> What to do:
Without changing a single character, write out every record below.

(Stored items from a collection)
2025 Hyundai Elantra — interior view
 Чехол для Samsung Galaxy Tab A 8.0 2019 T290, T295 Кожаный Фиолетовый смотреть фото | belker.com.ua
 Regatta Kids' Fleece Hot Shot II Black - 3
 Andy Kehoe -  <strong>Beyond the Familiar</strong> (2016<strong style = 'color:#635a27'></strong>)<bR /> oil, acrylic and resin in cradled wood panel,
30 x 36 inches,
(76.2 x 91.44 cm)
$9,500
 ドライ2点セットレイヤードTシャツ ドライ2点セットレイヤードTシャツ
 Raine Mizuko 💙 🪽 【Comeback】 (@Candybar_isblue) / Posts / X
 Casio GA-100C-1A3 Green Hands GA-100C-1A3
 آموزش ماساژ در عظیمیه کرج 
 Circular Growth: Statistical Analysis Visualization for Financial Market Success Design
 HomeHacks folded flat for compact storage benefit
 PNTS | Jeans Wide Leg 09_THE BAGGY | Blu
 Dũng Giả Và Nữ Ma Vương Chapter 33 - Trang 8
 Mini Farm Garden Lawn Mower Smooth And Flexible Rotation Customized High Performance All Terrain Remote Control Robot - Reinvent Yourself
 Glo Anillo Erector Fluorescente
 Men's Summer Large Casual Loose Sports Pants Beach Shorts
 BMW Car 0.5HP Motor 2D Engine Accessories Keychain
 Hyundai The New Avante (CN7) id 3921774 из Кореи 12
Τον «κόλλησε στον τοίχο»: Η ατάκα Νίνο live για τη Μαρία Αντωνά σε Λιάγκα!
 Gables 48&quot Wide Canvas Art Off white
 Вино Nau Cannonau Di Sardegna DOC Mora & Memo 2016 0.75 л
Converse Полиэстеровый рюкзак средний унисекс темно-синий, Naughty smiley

> Your response:
2025 Hyundai Elantra — interior view
 Чехол для Samsung Galaxy Tab A 8.0 2019 T290, T295 Кожаный Фиолетовый смотреть фото | belker.com.ua
 Regatta Kids' Fleece Hot Shot II Black - 3
 Andy Kehoe -  <strong>Beyond the Familiar</strong> (2016<strong style = 'color:#635a27'></strong>)<bR /> oil, acrylic and resin in cradled wood panel,
30 x 36 inches,
(76.2 x 91.44 cm)
$9,500
 ドライ2点セットレイヤードTシャツ ドライ2点セットレイヤードTシャツ
 Raine Mizuko 💙 🪽 【Comeback】 (@Candybar_isblue) / Posts / X
 Casio GA-100C-1A3 Green Hands GA-100C-1A3
 آموزش ماساژ در عظیمیه کرج 
 Circular Growth: Statistical Analysis Visualization for Financial Market Success Design
 HomeHacks folded flat for compact storage benefit
 PNTS | Jeans Wide Leg 09_THE BAGGY | Blu
 Dũng Giả Và Nữ Ma Vương Chapter 33 - Trang 8
 Mini Farm Garden Lawn Mower Smooth And Flexible Rotation Customized High Performance All Terrain Remote Control Robot - Reinvent Yourself
 Glo Anillo Erector Fluorescente
 Men's Summer Large Casual Loose Sports Pants Beach Shorts
 BMW Car 0.5HP Motor 2D Engine Accessories Keychain
 Hyundai The New Avante (CN7) id 3921774 из Кореи 12
Τον «κόλλησε στον τοίχο»: Η ατάκα Νίνο live για τη Μαρία Αντωνά σε Λιάγκα!
 Gables 48&quot Wide Canvas Art Off white
 Вино Nau Cannonau Di Sardegna DOC Mora & Memo 2016 0.75 л
Converse Полиэстеровый рюкзак средний унисекс темно-синий, Naughty smiley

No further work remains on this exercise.